● How to complete this task
What you return should be the lines from the one with "ChangM LED Downlights" through the one with "Textured animal and" in the data below, reproduced exactly with both ends, and no pictures at all.

● Task material
>>

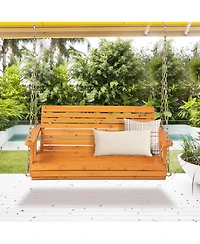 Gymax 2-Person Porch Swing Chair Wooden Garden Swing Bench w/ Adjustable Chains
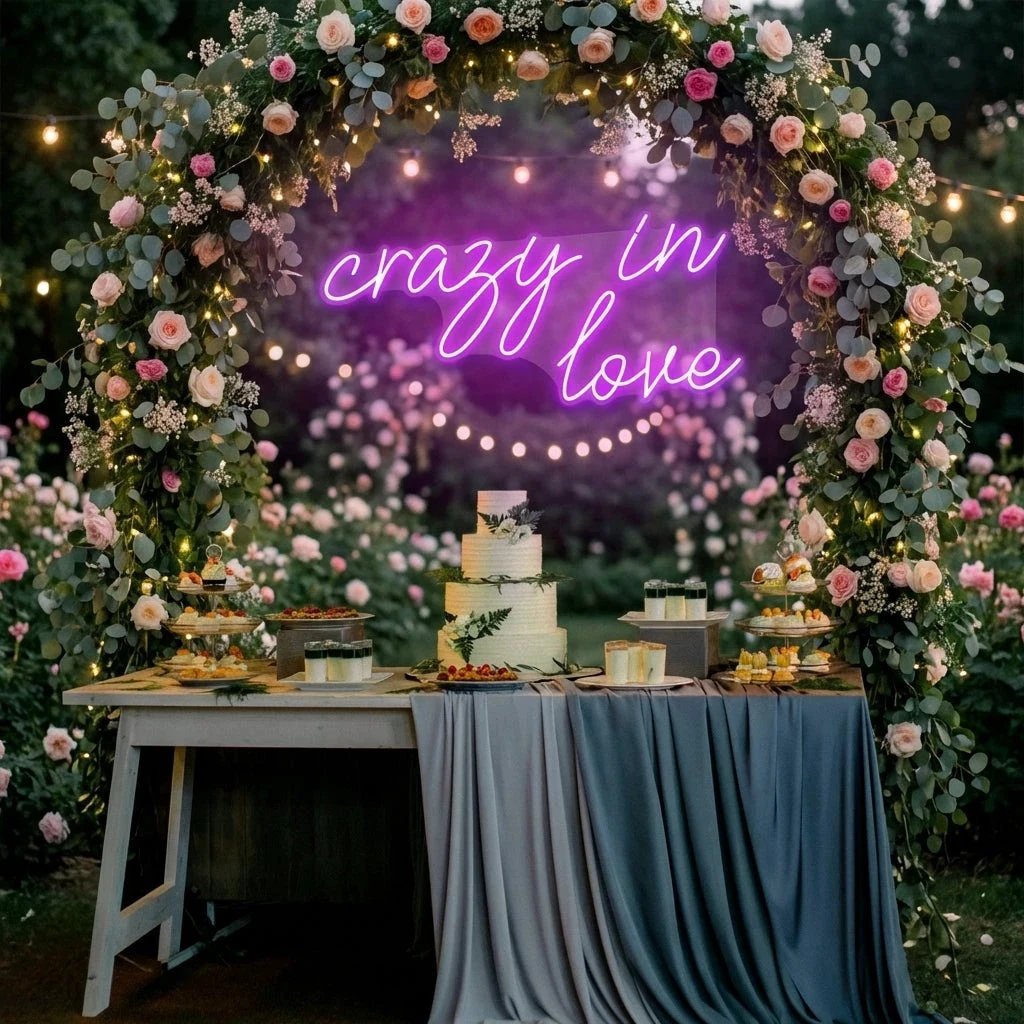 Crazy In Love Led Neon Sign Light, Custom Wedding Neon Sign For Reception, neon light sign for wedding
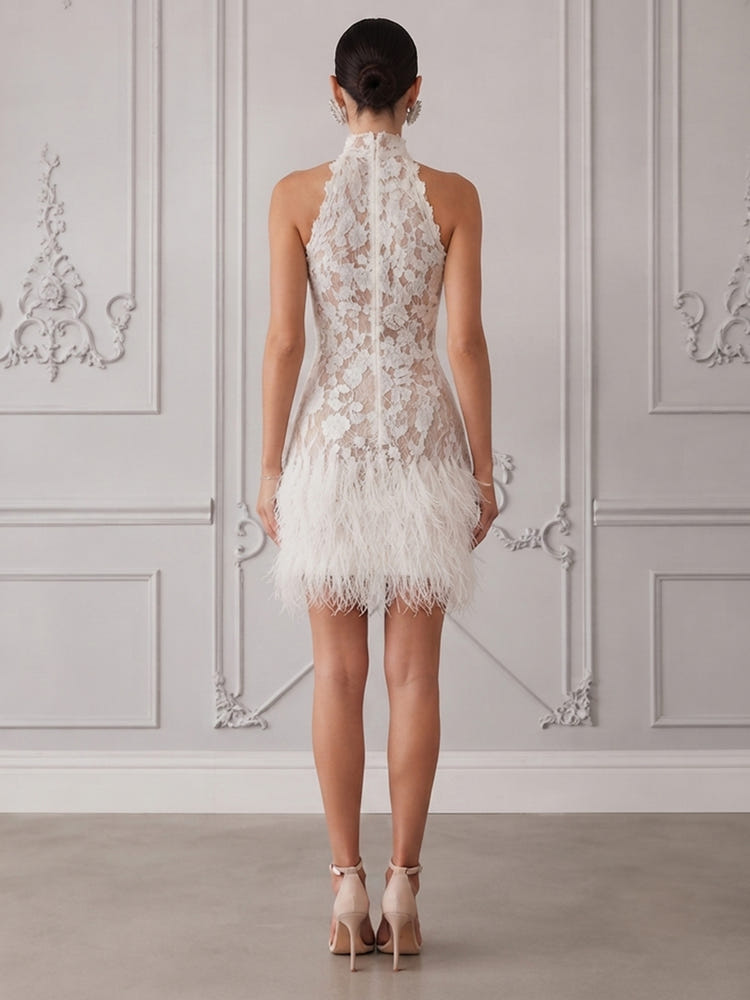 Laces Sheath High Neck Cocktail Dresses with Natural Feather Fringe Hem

<<
>>

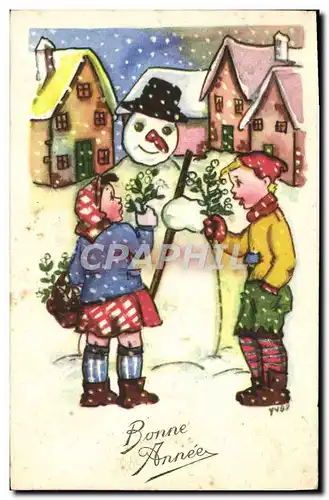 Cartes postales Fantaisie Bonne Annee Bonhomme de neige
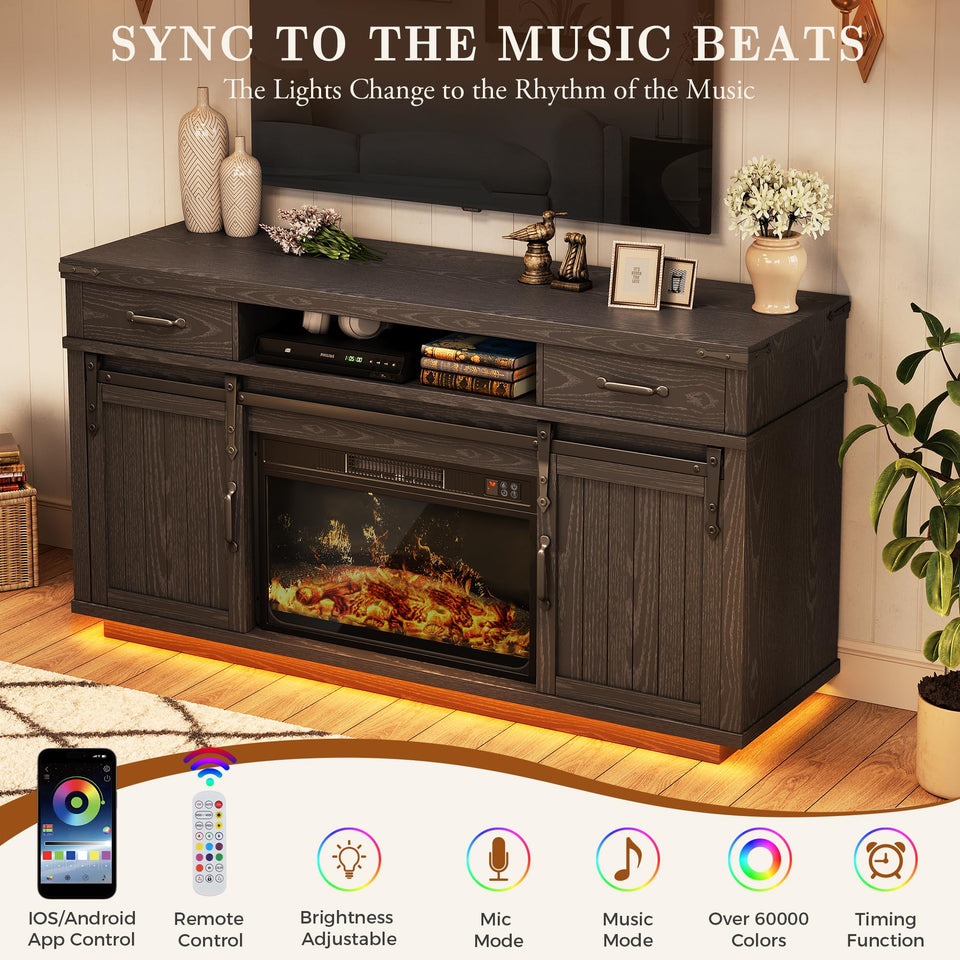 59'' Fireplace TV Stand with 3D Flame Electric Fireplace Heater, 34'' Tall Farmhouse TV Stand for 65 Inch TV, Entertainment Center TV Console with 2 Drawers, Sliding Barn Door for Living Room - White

<<
>>

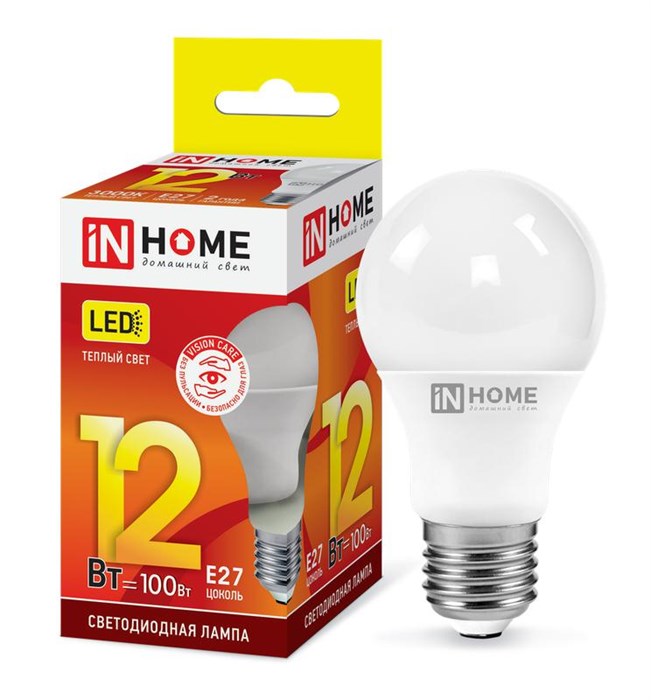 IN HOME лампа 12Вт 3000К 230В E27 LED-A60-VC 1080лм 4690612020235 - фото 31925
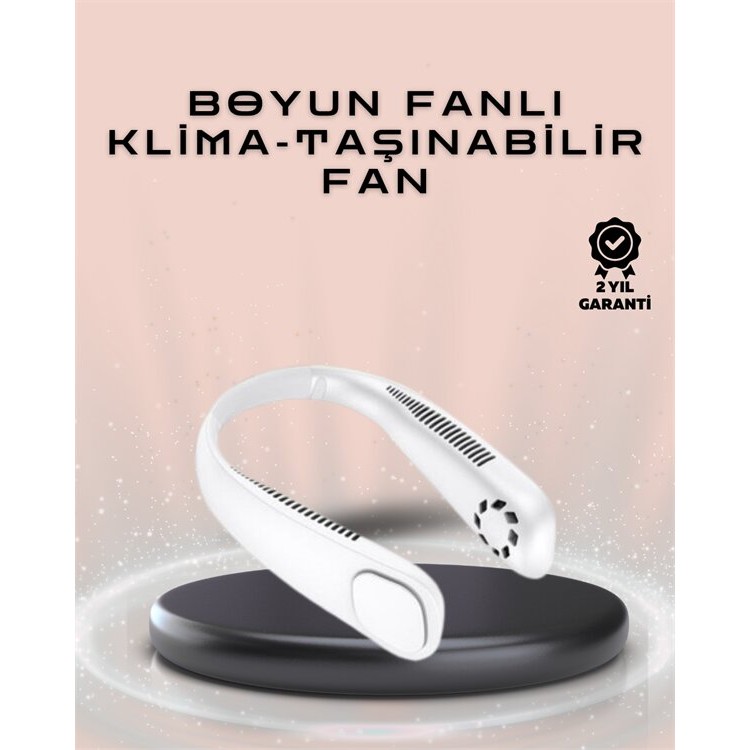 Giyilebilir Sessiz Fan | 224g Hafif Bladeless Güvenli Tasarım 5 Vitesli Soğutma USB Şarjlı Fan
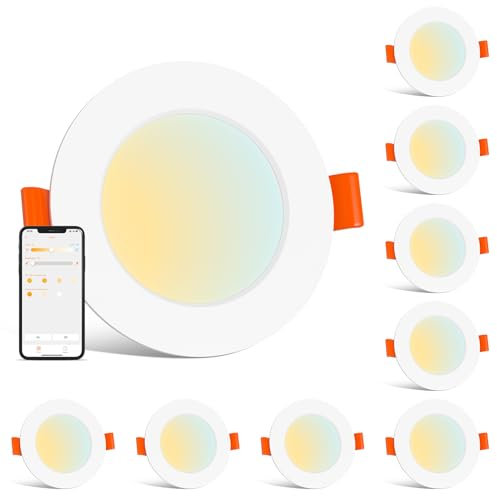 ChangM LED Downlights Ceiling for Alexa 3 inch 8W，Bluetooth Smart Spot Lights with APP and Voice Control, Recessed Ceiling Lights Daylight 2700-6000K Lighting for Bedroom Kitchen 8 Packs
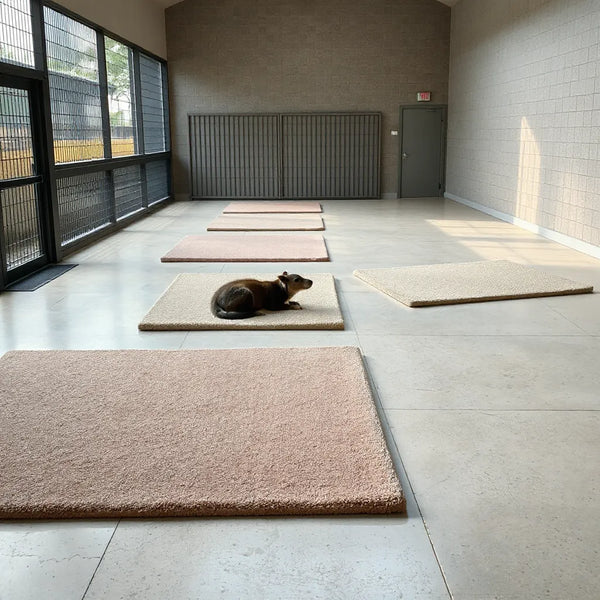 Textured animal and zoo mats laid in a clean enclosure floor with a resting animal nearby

<<

● Answer to the problem
 ChangM LED Downlights Ceiling for Alexa 3 inch 8W，Bluetooth Smart Spot Lights with APP and Voice Control, Recessed Ceiling Lights Daylight 2700-6000K Lighting for Bedroom Kitchen 8 Packs
 Textured animal and zoo mats laid in a clean enclosure floor with a resting animal nearby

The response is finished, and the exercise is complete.